→ **Exercise details**:
Take the lines in the listing below from the line with "You can also" up to and including the line with "Traction helps to" and set them down exactly, skipping pictures and adding nothing.

→ **Records**:
══════════
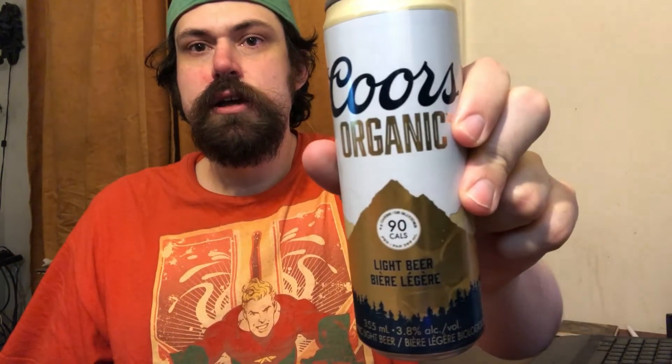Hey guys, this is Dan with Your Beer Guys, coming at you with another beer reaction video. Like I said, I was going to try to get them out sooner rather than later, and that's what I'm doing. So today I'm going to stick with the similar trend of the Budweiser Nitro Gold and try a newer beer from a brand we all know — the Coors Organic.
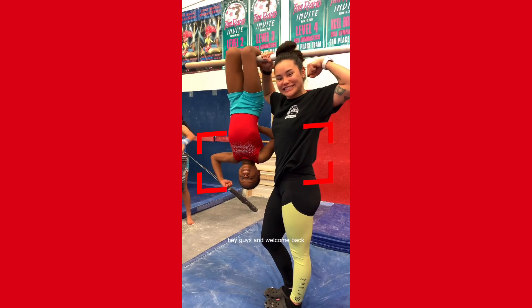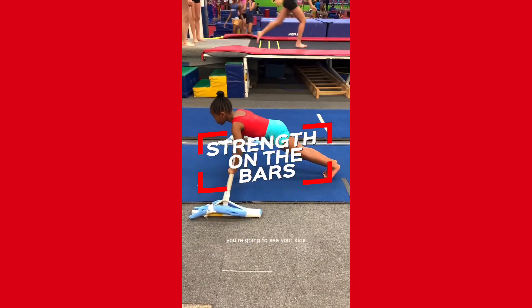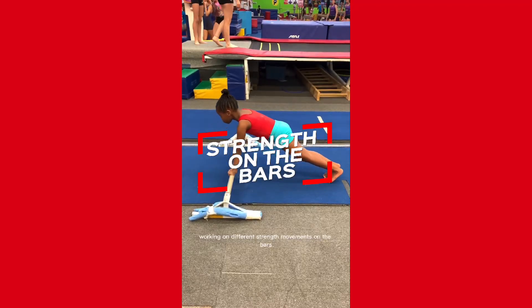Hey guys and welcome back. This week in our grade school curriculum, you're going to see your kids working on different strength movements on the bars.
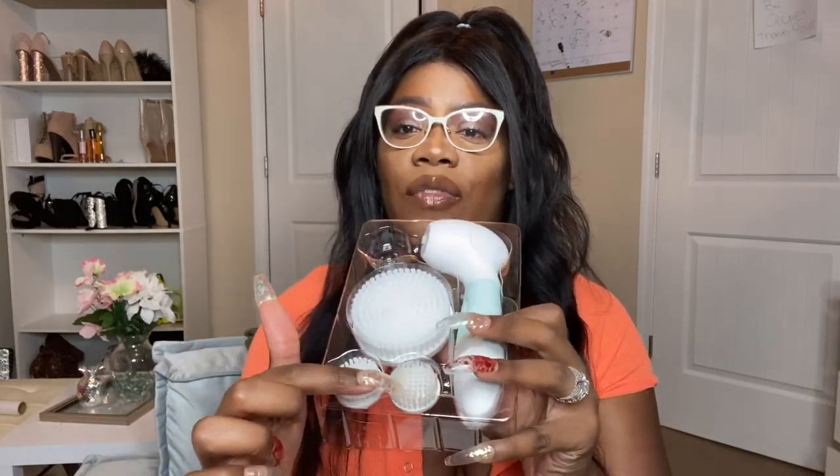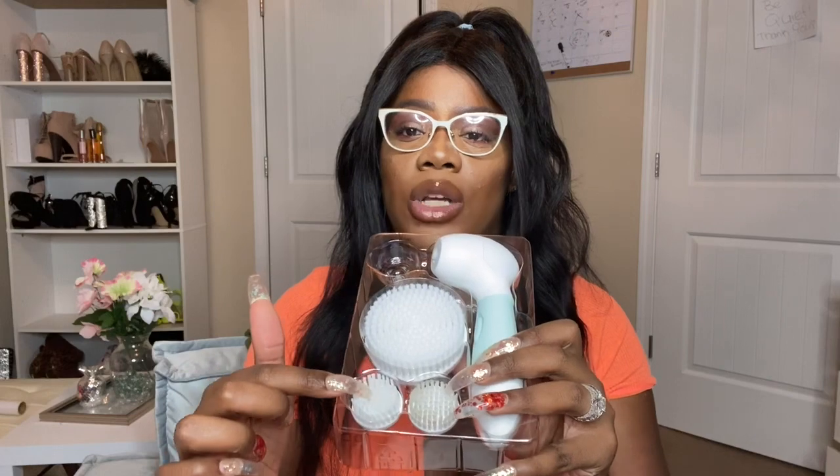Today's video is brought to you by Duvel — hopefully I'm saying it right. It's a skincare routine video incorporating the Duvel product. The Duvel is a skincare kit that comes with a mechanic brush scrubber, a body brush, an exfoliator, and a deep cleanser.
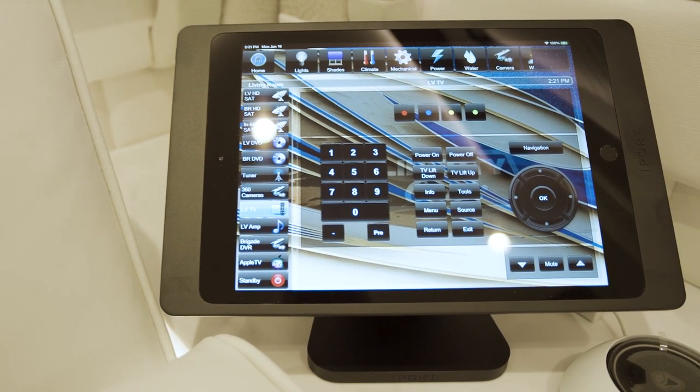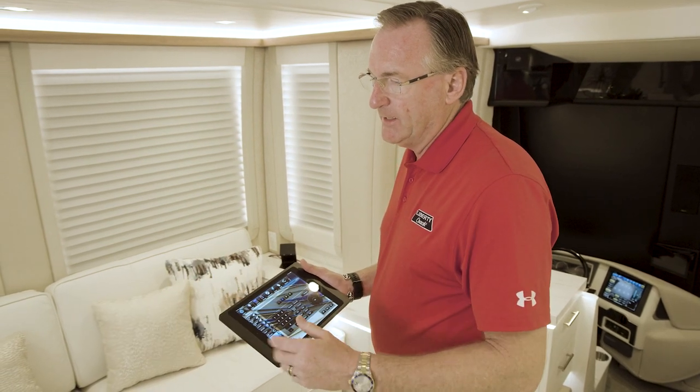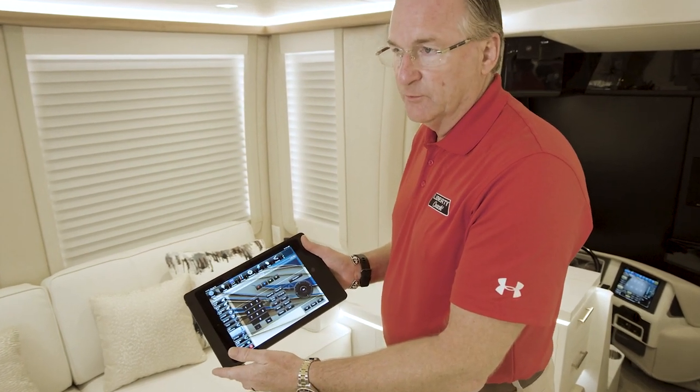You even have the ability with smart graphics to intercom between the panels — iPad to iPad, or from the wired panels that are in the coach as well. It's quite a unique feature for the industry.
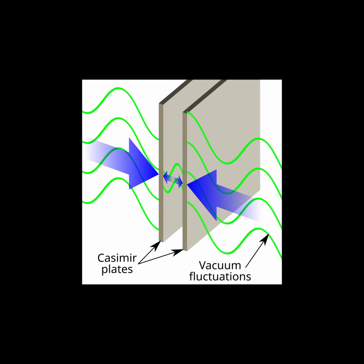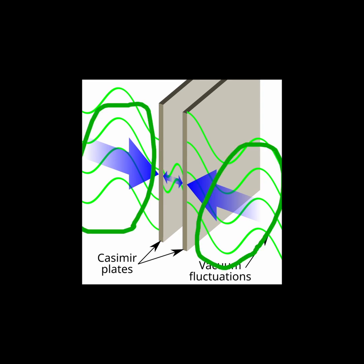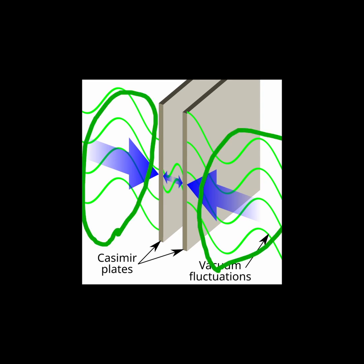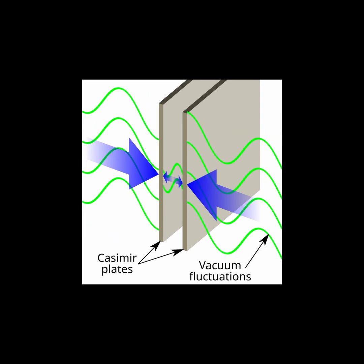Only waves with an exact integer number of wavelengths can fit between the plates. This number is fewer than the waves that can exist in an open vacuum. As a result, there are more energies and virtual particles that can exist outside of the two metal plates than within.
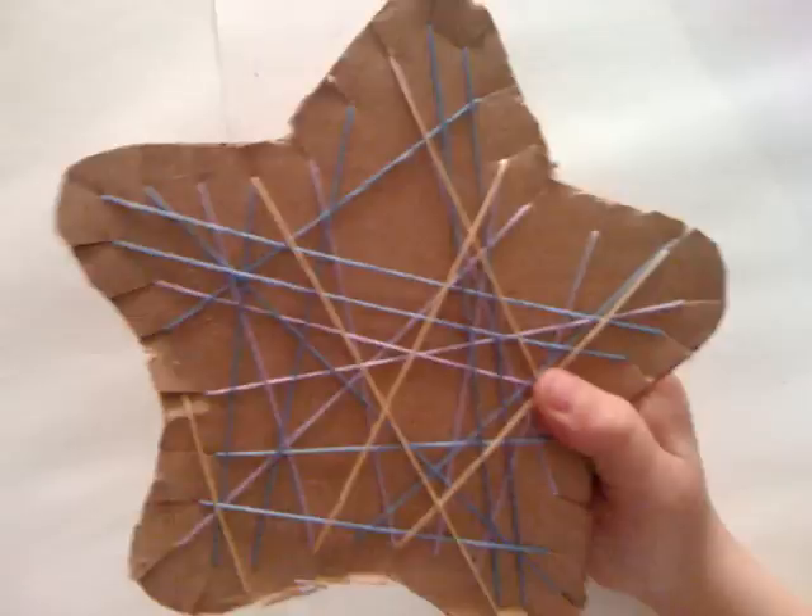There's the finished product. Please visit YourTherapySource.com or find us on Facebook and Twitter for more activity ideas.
══════════
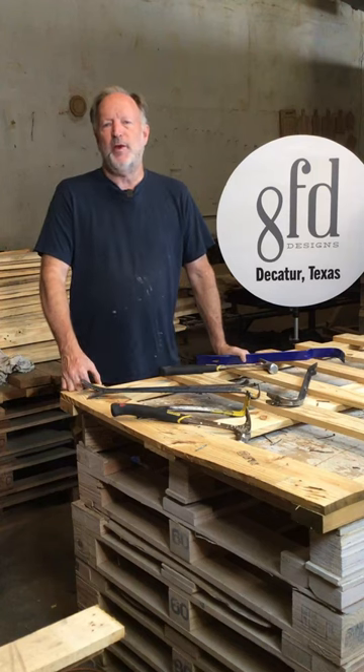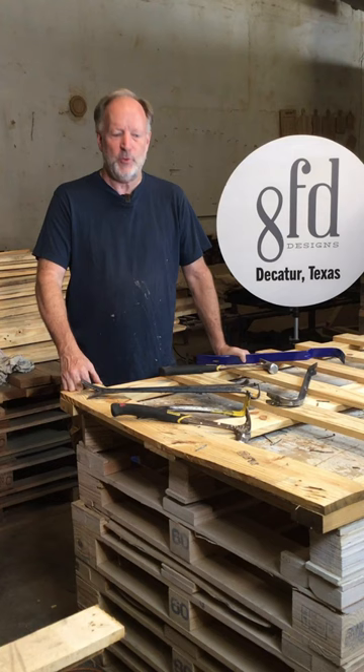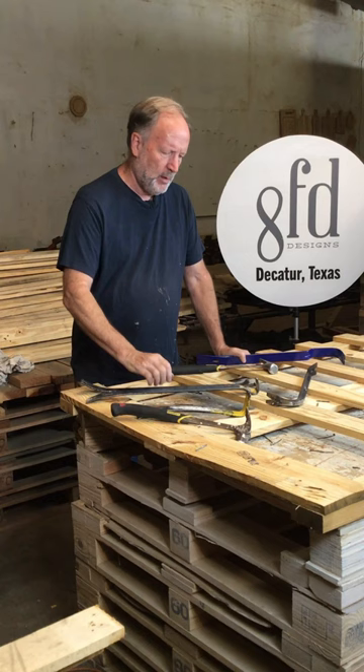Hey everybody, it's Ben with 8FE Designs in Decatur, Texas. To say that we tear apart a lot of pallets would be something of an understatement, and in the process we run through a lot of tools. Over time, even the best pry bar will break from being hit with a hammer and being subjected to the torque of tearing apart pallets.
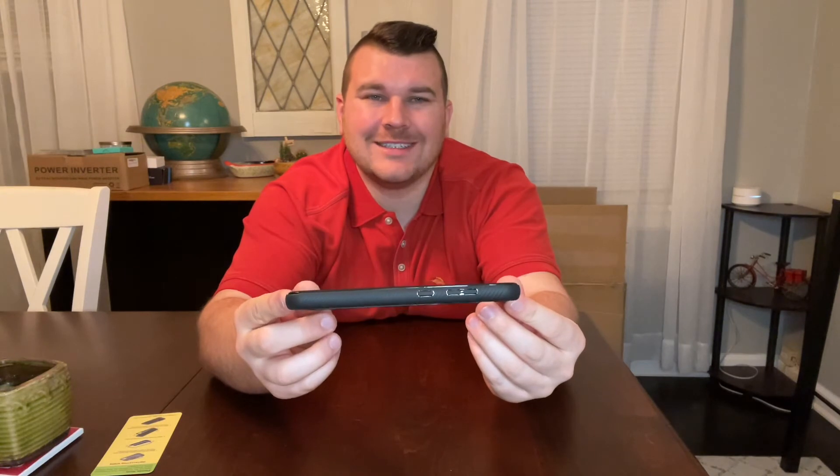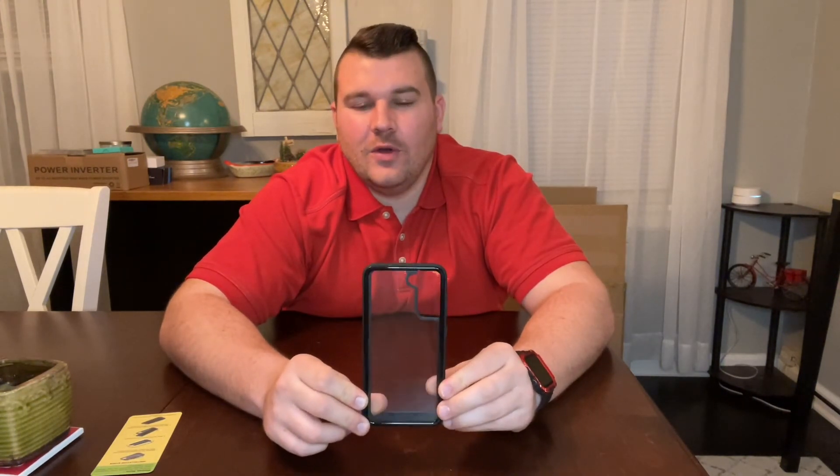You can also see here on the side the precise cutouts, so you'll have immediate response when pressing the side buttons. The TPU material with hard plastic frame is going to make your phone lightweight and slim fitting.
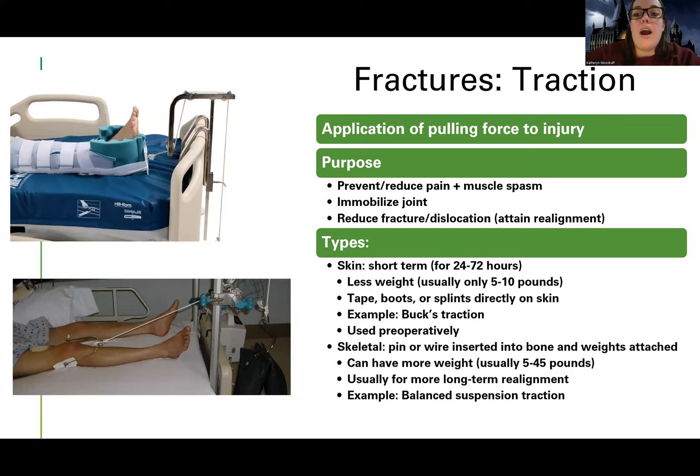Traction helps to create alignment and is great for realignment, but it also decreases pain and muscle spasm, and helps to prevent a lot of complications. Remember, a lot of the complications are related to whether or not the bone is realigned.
══════════
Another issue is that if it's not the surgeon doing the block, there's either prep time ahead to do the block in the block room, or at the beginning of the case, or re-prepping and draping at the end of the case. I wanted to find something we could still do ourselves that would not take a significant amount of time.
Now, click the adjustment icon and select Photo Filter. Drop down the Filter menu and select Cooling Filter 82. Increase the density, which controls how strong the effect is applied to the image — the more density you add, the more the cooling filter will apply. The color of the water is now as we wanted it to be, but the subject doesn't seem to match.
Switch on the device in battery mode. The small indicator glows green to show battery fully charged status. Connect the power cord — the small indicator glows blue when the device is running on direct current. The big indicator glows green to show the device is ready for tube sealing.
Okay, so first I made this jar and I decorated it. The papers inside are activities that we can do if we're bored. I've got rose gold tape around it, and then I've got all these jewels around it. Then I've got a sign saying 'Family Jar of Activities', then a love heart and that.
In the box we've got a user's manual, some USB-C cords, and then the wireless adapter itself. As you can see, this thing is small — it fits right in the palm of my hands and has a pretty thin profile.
══════════
→ **Reply to the task**:
You can also see here on the side the precise cutouts, so you'll have immediate response when pressing the side buttons. The TPU material with hard plastic frame is going to make your phone lightweight and slim fitting.
Traction helps to create alignment and is great for realignment, but it also decreases pain and muscle spasm, and helps to prevent a lot of complications. Remember, a lot of the complications are related to whether or not the bone is realigned.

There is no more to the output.